Friday, January 20, 2017

A Monster Calls: The Darkness Before the Dawn?

I tend to prefer movies made for grown-ups.  And my friend Susan, a serious cineaste whose favorite films of 2016 include Neruda and Manchester by the Sea, can never be accused of opting for kiddie flicks. So when Susan suggested we check out A Monster Calls, I was surprised, to say the least. I’d seen the trailer, which looked visually intriguing. But the story (based on an acclaimed 2011 children’s novel) seemed all too familiar: a boy whose mother is dying of cancer finds solace through the sudden appearance of a fantasy figure. Somewhat like Scrooge in A Christmas Carol, young Colin O’Malley experiences three visitations. In his case, it’s not ghosts who come to visit, but rather a huge and mysterious tree-creature with three stories to tell.

For their work on this novel, author Patrick Ness and illustrator Jim Kay won two of Britain’s most esteemed literary prizes. Ness went on to write the screenplay, which is perhaps why the film’s characterizations ring so true. Colin (played by Lewis MacDougall) is not the adorable kid of so many poignant children’s films.

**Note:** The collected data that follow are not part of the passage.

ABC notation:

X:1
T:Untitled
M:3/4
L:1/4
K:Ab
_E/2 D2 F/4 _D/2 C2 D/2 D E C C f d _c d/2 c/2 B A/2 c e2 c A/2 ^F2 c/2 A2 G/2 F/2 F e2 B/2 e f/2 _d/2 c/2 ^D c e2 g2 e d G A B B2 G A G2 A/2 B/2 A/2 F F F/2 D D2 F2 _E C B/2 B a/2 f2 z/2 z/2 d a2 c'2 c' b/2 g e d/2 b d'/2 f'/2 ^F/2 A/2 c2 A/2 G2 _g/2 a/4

His unhappiness constantly plays out on his face, whether he’s getting ready for his day without parental help, ducking the sympathies of his teachers, dealing with schoolyard bullies, or fending off the horrific nightmares that plague his sleep. Felicity Jones is his mum, an artist who’s still vibrant but fading fast; Toby Kebbell is the dad (now busy with his new family in California) who just can’t connect with the son he’s left behind. Only Sigourney Weaver, as the strait-laced grandmother with whom Colin must come to terms, seems questionable casting. But highest kudos for Liam Neeson, whose unearthly basso voice contributes so much to the presence of the tree-monster.

The monster’s stories are really what set this film apart from other variations on this same theme. Vividly told through the use of gorgeous animation, the stories are by no means obvious in their message. A prince commits murder, and gets away with it; little girls die when a parson turns to a healer for help that does not come. The stories make Colin angry, and prompt him to commit violent acts of his own. Ultimately, though, the presence of the monster leads him to an important acknowledgment of his feelings about his mother’s condition. At the end of the film, a fraught sort of peace descends.

A Monster Calls  bears an unusual credit: “from an original idea by Siobhan Dowd.” Dowd was a celebrated  author of young adult books. She had every intention of writing this story, but a terminal bout with breast cancer defeated her plans. As Patrick Ness has put it, “She had the characters, a premise, and a beginning. What she didn't have, unfortunately, was time.” She died in 2007, at the painfully early age of 47. A Monster  Calls is a strong testament to her imagination and her spirit.

Perhaps it’s because mortality is a very real part of this film’s legacy that it hit me so hard. I don’t duck movies that focus on the darker side of life, but it’s not often that I see a film that genuinely moves me to tears. This one assuredly did. By the final fadeout there was a lot of sniffling going on in the screening room, as the all-adult audience confronted the fact that the pain of loss is a fundamental part of our human inheritance. Still, I think we all felt hopeful that life remains worth living, thanks to the power of love to transcend darkness. A lesson, perhaps, for our turbulent times.